It has been two weeks since Reuters photojournalist Danish Siddiqui was killed while covering the war in Afghanistan, but the details leading up to his killing remain fuzzy. Neither the Afghan forces nor the Indian government has yet detailed the exact circumstances of the killing which shocked Indian and international media fraternities.

Independent journalist Ruchi Kumar, based in Kabul, was able to piece together some information for Newslaundry about how the Taliban had initially refused to hand over Siddiqui’s body. Kumar spoke with Ahmad Lodin, an Afghan journalist and head of Afghan Orband Weekly, who said the Taliban had killed Siddiqui and kept his body. When the body was finally returned after much negotiation, Lodin said they found that it had been “disrespected” and “mutilated”.

Today, an opinion piece in the conservative US magazine Washington Examiner by Michael Rubin, a resident at the American Enterprise Institute, a conservative think tank, alleged that Siddiqui “was not simply killed in a crossfire, nor was he simply collateral damage; rather, he was brutally murdered by the Taliban”.

Rubin’s sources are unnamed: “local Afghan authorities”, “local investigation”, “a source in the Indian government”. His piece was picked up by several leading Indian news outlets such as the Indian Express, Hindustan Times, India Today, and NDTV.

Though the Examiner marked Rubin’s piece as “Opinion”, the Indian news outlets that picked it up referred to it as a “report”.

In his piece, Rubin claims that Siddiqui was travelling embedded with an Afghan National Army contingent when he was hit by shrapnel. He, along with the soldiers, “went to a local mosque where he received first aid”.

“As word spread, however, that a journalist was in the mosque, the Taliban attacked.
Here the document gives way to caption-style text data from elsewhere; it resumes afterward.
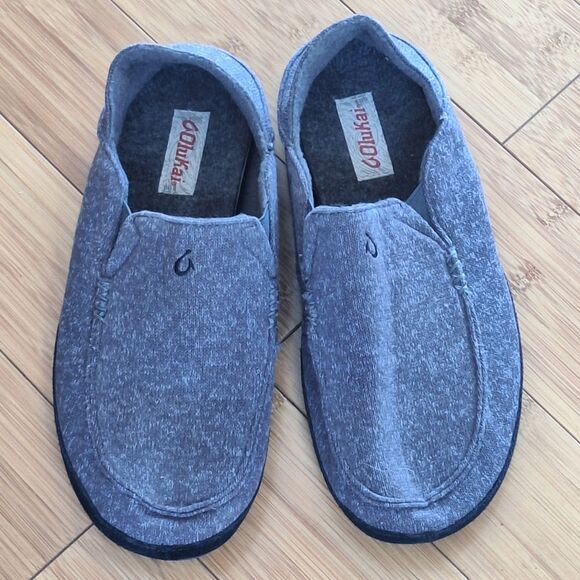 OluKai | Shoes | Olukai Moloa Hulu Gray Wool Slippers Mens  display picture 1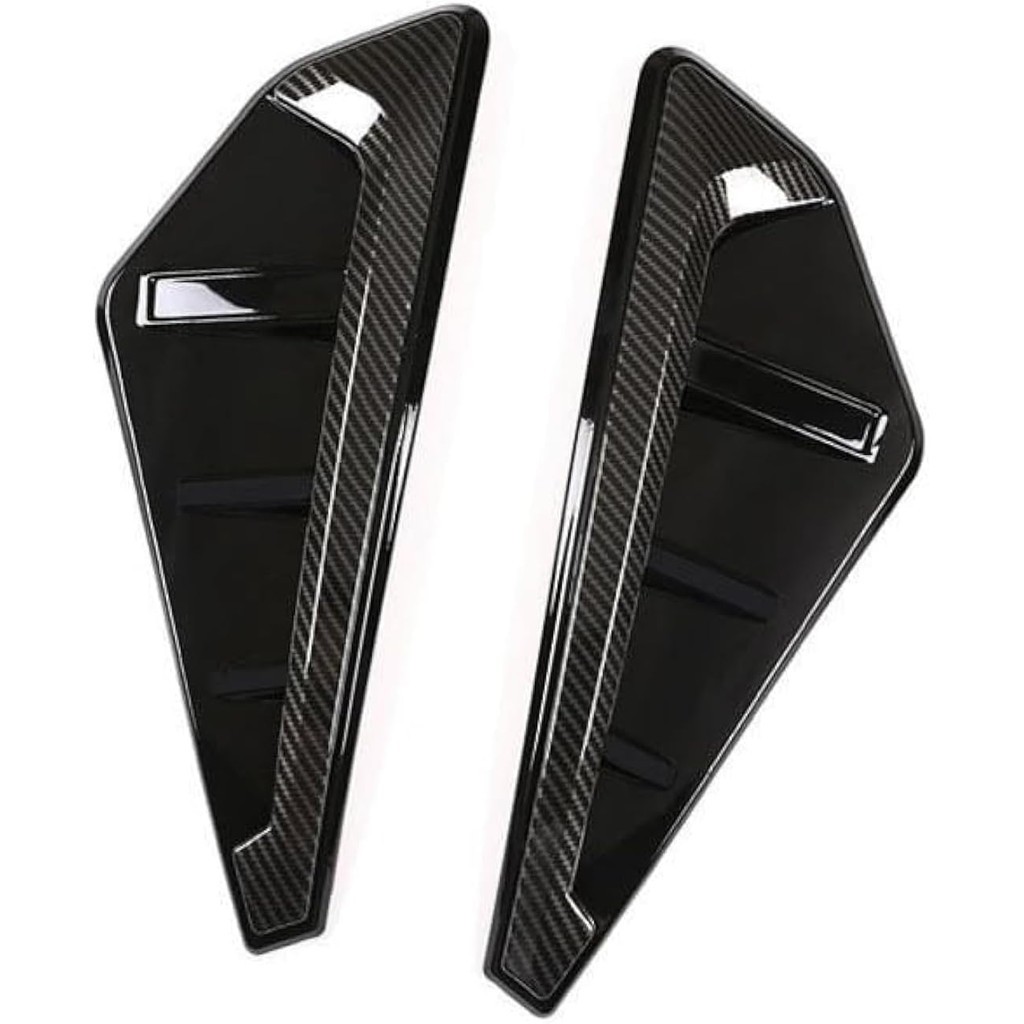 2 PCS Shark Gills Decoração Lateral Guarnição De Ventilação Do Pára-Lama , Marcador De Corpo Fender Air Wing Vent Trim C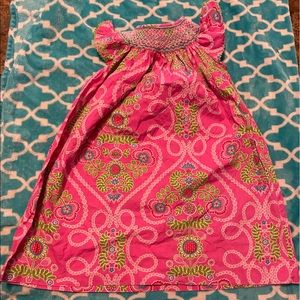 Girls Anavini smock dress size 4t.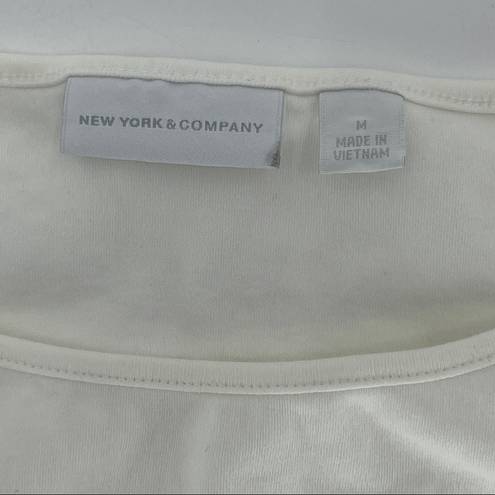 New York And Company  Sleeveless Cotton Pleated Dress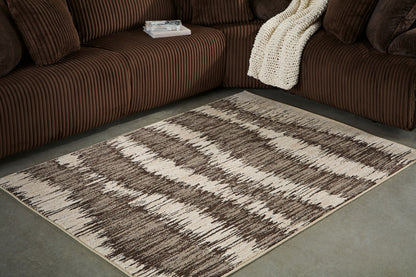 Keradon - Cream / Brown - Large Rug - 8' x 10'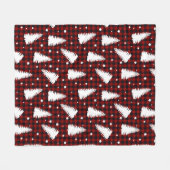 Roter Weihnachtsmuster-Flanelldecke Fleecedecke (Vorderseite (Horizontal))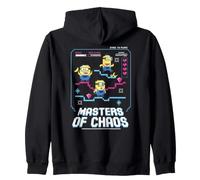 Minions 8-bit Free To Play Masters of Chaos Sudadera con Capucha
The local investigation suggests the Taliban attacked the mosque only because of Siddiqui’s presence there. Siddiqui was alive when the Taliban captured him,” Rubin writes. “The Taliban verified Siddiqui’s identity and then executed him, as well as those with him."

He further claims to have “reviewed other photographs and a video of Siddiqui’s body provided to me by a source in the Indian government that show the Taliban beat Siddiqui around the head and then riddled his body with bullets”.
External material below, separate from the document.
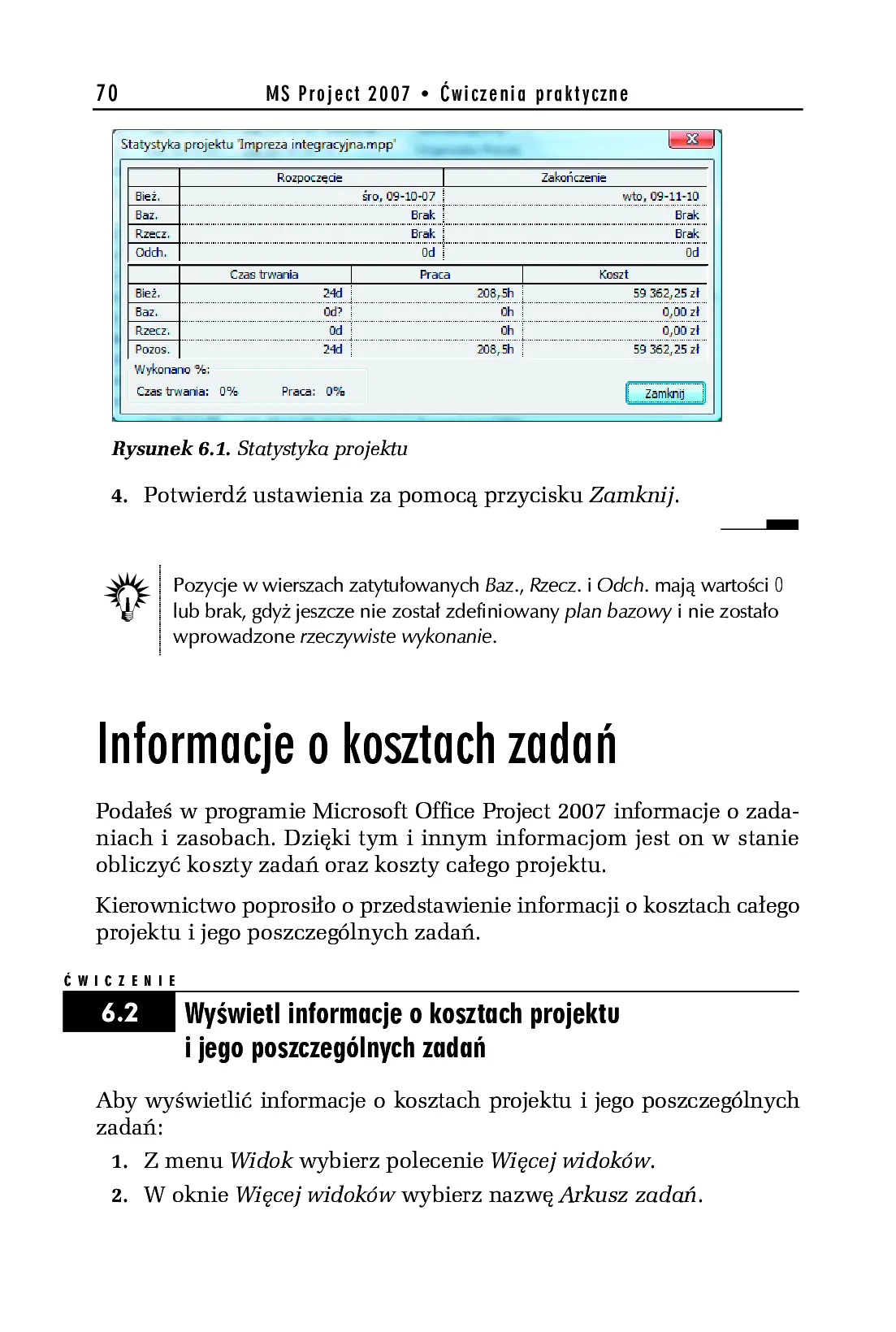 Fragment „MS Project 2007. Ćwiczenia praktyczne” — strona 5 z 30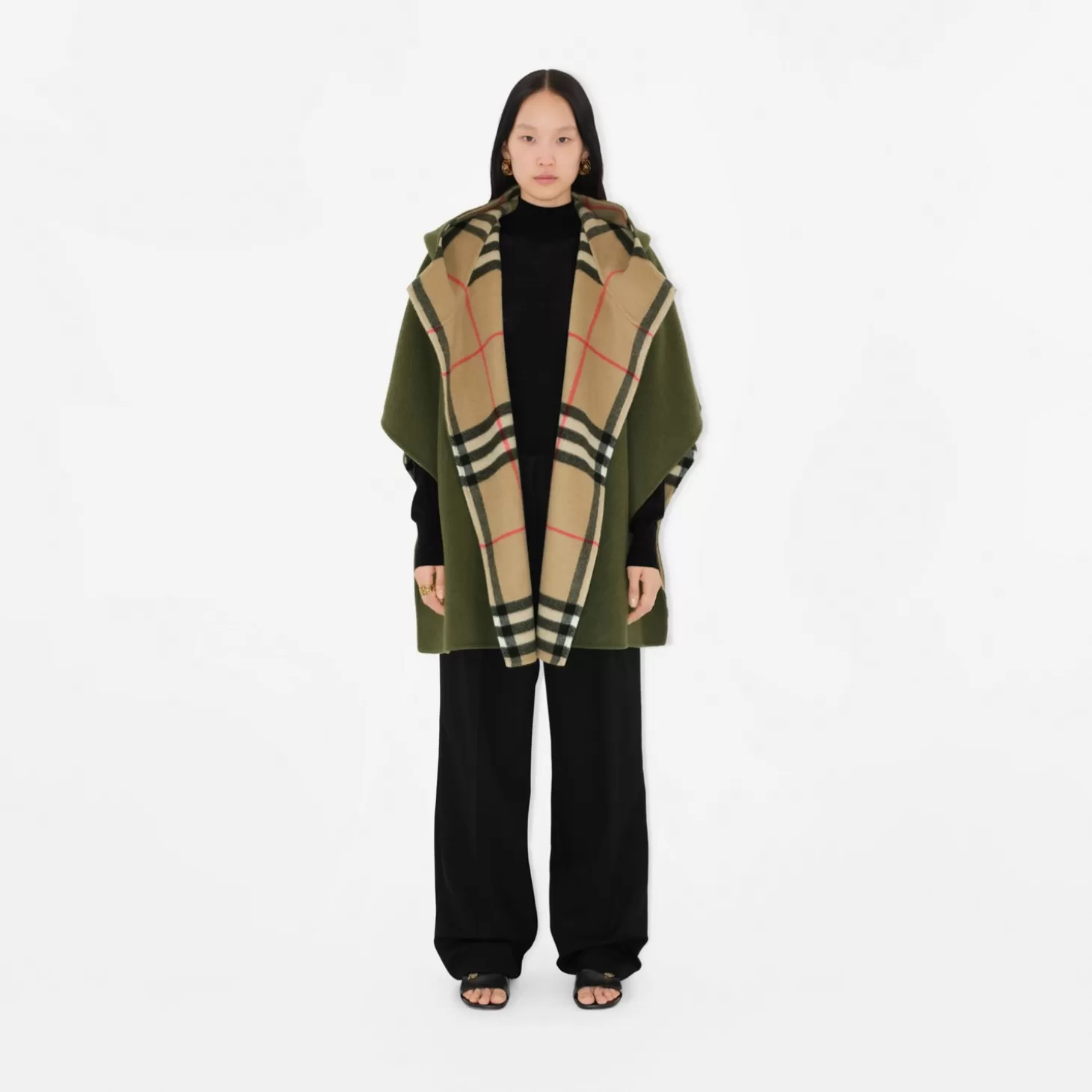 Burberry Kashmir vändbar huva*Kvinnor Capes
It’s worth pointing out that Rubin was named in a 2014 investigative piece as being one of the “friendly reporters” successfully targeted by a US-Israel coalition “to plant anti-Qatar stories”.

Meanwhile, prime minister Narendra Modi has not yet said a word of condolence on Siddiqui’s killing. Neither has India’s external affairs minister issued a statement seeking justice and accountability from the international community and UN bodies which are currently engaged with the Taliban.